SURVEI DUYUNG DAN HABITATNYA DI KABUPATEN ALOR
Juraij, Dwi Suprapti, Casandra Tania – Tim Marine Species Conservation
Duyung (Dugong dugon) merupakan satu dari 35 jenis mamalia laut yang dijumpai tersebar di perairan Indonesia, khususnya di ekosistem lamun. Meskipun bertubuh besar dengan bobot mencapai 600 kg, satwa laut menyusui ini memiliki perilaku yang ramah dan hidup berasosiasi secara khusus dengan ekosistem lamun sebagai habitat pakannya.
Duyung memiliki ancaman kehidupan yang begitu kompleks. Secara alami duyung memiliki reproduksi yang lambat karena duyung membutuhkan waktu 10 tahun untuk menjadi dewasa dan memerlukan waktu 14 bulan untuk melahirkan satu individu baru. Ancaman lainnya yang bisa ditemui, yaitu tertangkapnya duyung secara tidak sengaja oleh alat tangkap perikanan (bycatch) dan perburuan masif untuk pemanfaatan daging, taring, dan air matanya yang disinyalir memiliki nilai ekonomi yang cukup tinggi.

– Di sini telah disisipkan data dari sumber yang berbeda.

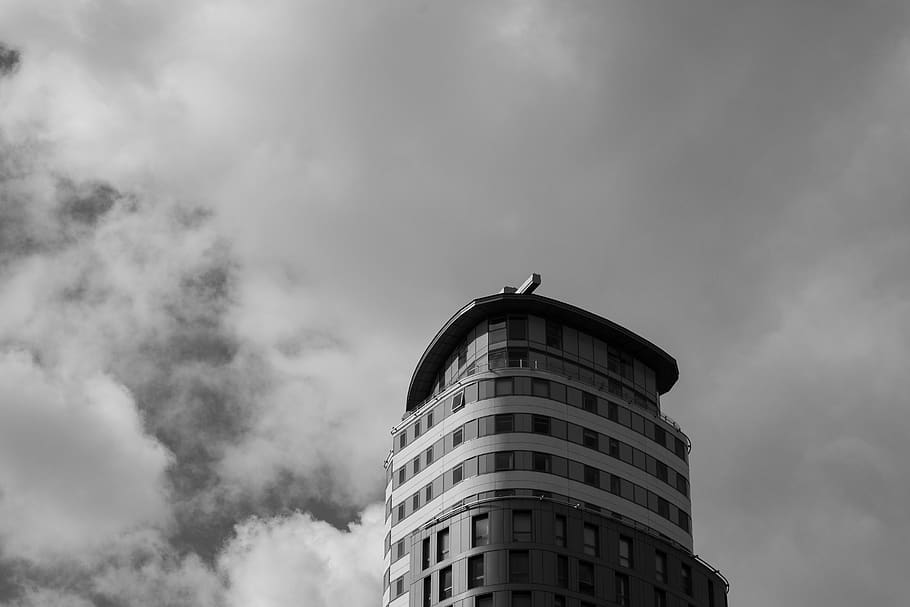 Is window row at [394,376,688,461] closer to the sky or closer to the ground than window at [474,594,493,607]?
closer to the sky

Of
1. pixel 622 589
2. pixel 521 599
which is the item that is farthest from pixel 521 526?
pixel 622 589

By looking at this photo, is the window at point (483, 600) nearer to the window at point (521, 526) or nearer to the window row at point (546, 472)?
the window at point (521, 526)

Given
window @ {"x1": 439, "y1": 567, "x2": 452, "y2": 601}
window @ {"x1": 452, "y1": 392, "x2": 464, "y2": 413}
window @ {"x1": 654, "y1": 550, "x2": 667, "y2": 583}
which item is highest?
window @ {"x1": 452, "y1": 392, "x2": 464, "y2": 413}

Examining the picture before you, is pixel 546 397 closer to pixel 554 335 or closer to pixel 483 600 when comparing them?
pixel 554 335

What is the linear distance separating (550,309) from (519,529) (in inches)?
948

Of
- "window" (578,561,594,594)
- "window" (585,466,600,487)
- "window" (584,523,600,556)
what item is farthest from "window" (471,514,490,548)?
"window" (585,466,600,487)

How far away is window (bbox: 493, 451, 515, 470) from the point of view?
13200cm

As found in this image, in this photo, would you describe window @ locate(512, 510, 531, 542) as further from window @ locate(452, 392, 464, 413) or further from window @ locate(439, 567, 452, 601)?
window @ locate(452, 392, 464, 413)

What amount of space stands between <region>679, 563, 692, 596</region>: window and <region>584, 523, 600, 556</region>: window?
10.4 metres

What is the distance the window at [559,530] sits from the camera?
129000mm

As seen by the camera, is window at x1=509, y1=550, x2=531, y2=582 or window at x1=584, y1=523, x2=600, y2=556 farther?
window at x1=584, y1=523, x2=600, y2=556

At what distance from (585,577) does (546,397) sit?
690 inches

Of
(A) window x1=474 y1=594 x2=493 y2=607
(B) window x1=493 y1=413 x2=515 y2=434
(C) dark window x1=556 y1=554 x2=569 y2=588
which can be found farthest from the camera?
(B) window x1=493 y1=413 x2=515 y2=434

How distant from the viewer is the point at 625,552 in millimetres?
132625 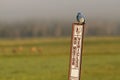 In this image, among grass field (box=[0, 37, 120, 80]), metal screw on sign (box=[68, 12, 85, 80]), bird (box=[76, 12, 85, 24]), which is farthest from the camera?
grass field (box=[0, 37, 120, 80])

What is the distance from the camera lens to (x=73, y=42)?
9.31 metres

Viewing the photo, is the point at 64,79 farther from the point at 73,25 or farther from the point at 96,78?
the point at 73,25

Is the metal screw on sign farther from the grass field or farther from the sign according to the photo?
the grass field

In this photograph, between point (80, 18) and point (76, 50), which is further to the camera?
point (76, 50)

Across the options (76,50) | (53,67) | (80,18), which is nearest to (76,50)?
(76,50)

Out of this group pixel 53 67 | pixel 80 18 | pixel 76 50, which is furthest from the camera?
pixel 53 67

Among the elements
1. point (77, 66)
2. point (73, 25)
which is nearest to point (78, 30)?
point (73, 25)

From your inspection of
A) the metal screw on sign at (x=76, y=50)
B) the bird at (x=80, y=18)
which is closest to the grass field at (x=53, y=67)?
the metal screw on sign at (x=76, y=50)

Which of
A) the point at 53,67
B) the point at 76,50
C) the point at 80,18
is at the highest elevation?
the point at 80,18

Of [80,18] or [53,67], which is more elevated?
[80,18]

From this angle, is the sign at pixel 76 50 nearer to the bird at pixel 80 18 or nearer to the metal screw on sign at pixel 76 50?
the metal screw on sign at pixel 76 50

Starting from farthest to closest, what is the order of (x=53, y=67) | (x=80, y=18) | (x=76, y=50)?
(x=53, y=67), (x=76, y=50), (x=80, y=18)

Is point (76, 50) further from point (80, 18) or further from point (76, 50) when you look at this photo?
point (80, 18)

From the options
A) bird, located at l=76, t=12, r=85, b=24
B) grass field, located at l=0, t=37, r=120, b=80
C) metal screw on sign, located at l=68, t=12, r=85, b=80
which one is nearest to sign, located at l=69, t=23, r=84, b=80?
metal screw on sign, located at l=68, t=12, r=85, b=80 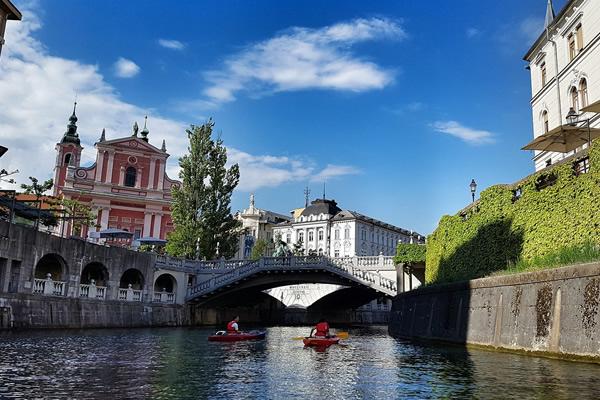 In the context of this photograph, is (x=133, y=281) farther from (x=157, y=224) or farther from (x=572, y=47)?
(x=572, y=47)

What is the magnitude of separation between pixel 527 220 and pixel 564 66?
62.8ft

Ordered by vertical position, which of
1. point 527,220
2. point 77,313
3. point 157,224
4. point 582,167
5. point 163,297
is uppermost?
point 157,224

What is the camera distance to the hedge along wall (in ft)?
60.8

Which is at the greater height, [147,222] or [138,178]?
[138,178]

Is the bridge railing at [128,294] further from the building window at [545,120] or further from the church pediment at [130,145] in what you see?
the building window at [545,120]

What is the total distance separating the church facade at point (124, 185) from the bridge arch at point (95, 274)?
21.0 m

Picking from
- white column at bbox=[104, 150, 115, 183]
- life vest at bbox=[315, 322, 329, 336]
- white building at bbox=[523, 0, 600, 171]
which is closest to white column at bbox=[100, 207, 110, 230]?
white column at bbox=[104, 150, 115, 183]

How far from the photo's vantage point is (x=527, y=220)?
22594 millimetres

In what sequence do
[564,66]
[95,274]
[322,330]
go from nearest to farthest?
[322,330]
[564,66]
[95,274]

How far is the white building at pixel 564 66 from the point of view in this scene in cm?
3241

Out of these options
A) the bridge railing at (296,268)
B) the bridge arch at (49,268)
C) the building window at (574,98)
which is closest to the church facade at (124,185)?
the bridge railing at (296,268)

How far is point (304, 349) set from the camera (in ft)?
77.5

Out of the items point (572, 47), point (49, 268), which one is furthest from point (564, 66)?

Perairan Alor, Kabupaten Alor, Nusa Tenggara Timur, termasuk dalam kawasan Suaka Alam Perairan (SAP) Selat Pantar, sering dilaporkan keberadaan duyung di sekitar habitat lamun. Namun, penelitian terhadap duyung dan lamun di wilayah ini baru sebatas pengamatan umum tingkah laku. Oleh karena itu, pada tanggal 29 Mei - 6 Juni 2016 tim gabungan dari DKP Kabupaten Alor, Universitas Muhammadiyah Kupang, BKKPN Kupang, BPSPL Denpasar, IPB dan WWF Indonesia melakukan penelitian lebih lanjut tentang duyung dan lamun di Kabupaten Alor.
Berdasarkan pengamatan sebaran lamun yang terdapat di perairan Alor teridentifikasi 7 jenis lamun dari dua famili yaitu: 1) Famili Hydrocharitaceae (Enhalus acoroides, Thalassia hemprichii dan Halophila ovalis). 2) Famili Potamogetonaceae (Cymodocea rotundata, Cymodocea serrulata, Halodule uninervis dan Syringodium isoetifolium). Penutupan dan kepadatan lamun yang tertinggi ditemukan pada stasiun Pantai Mali, dengan nilai tutupan 68% dengan jenis Halophila ovalis (565 – 1082 tegakan/m2 ).
Selain itu, berdasarkan analisis jejak makan yang dilakukan pada habitat makan duyung, panjang rata-rata jejak yang didapatkan, yaitu 80-100 cm, sedangkan lebarnya 15-20 cm. Jejak makan tersebut banyak ditumbuhi jenis-jenis lamun pionir seperti Halophila ovalis, Halodule uninervis dan Cymodocea rotundata. Hasil dari pengamatan visual dan aerial selama 5 hari, hanya ditemukan satu ekor Duyung yang berada pada di kawasan Perairan Alor. Duyung tersebut beraktivitas setiap harinya di kawasan padang lamun yang terdapat kawasan perairan tersebut, dimana padang lamun juga merupakan habitat pakan bagi Penyu Hijau.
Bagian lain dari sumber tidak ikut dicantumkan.